-------- Records to process --------

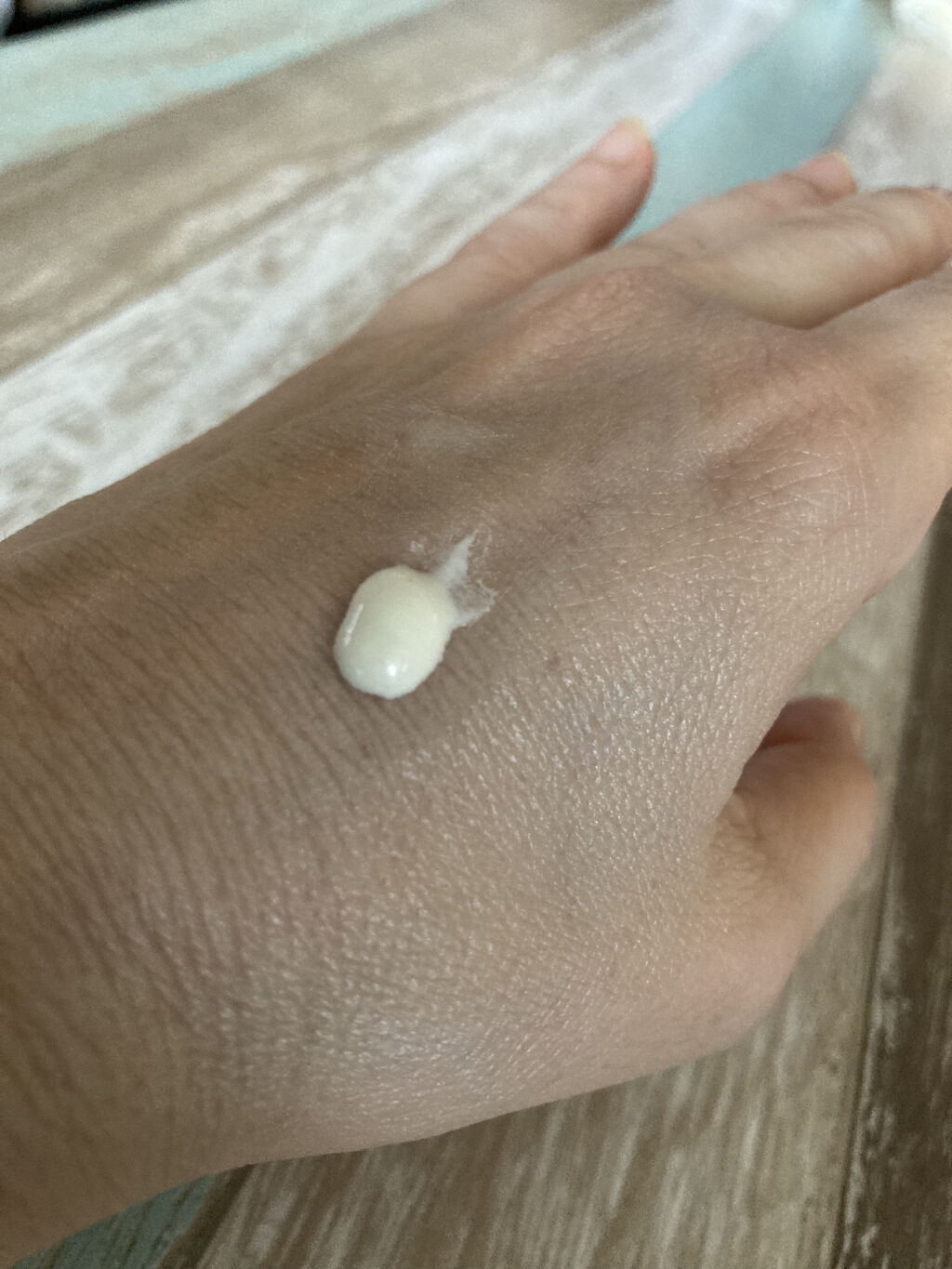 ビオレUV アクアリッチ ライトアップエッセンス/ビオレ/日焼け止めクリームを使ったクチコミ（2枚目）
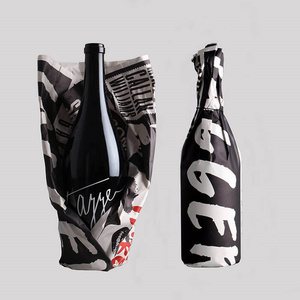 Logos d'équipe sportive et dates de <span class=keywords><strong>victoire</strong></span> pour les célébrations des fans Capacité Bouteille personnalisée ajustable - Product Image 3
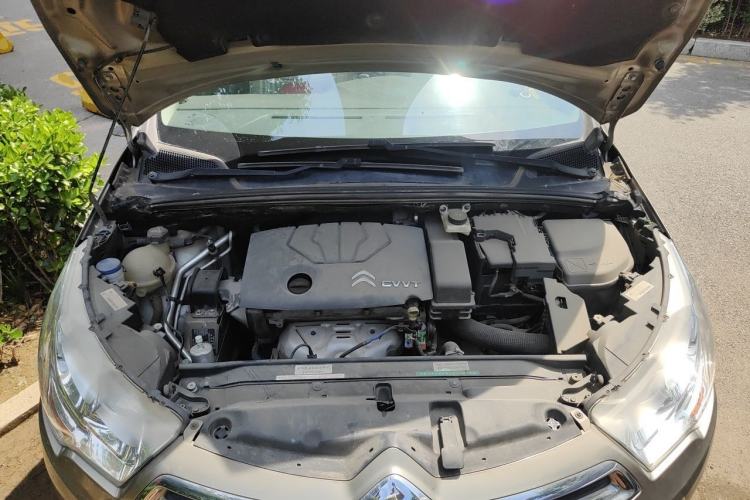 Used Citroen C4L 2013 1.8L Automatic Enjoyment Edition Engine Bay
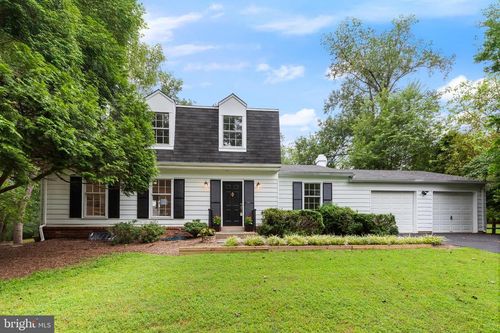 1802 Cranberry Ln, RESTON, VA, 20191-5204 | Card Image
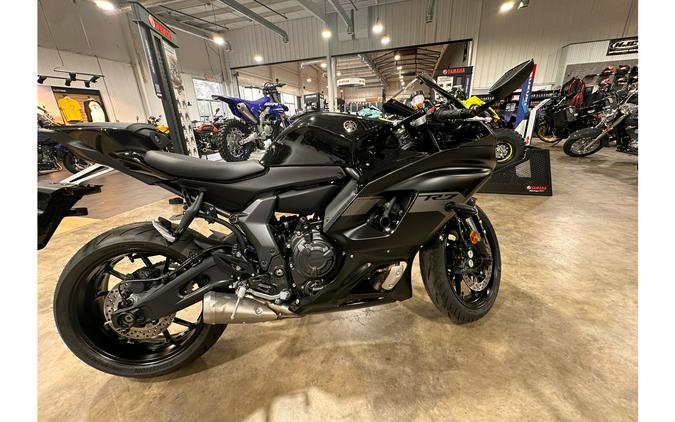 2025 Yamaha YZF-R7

--------

Task prompt
Word for word, write out each line from the one with "Logos d'équipe sportive" through the end of the entries above, and omit any pictures.

Exercise response
 Logos d'équipe sportive et dates de <span class=keywords><strong>victoire</strong></span> pour les célébrations des fans Capacité Bouteille personnalisée ajustable - Product Image 3
 Used Citroen C4L 2013 1.8L Automatic Enjoyment Edition Engine Bay
 1802 Cranberry Ln, RESTON, VA, 20191-5204 | Card Image
 2025 Yamaha YZF-R7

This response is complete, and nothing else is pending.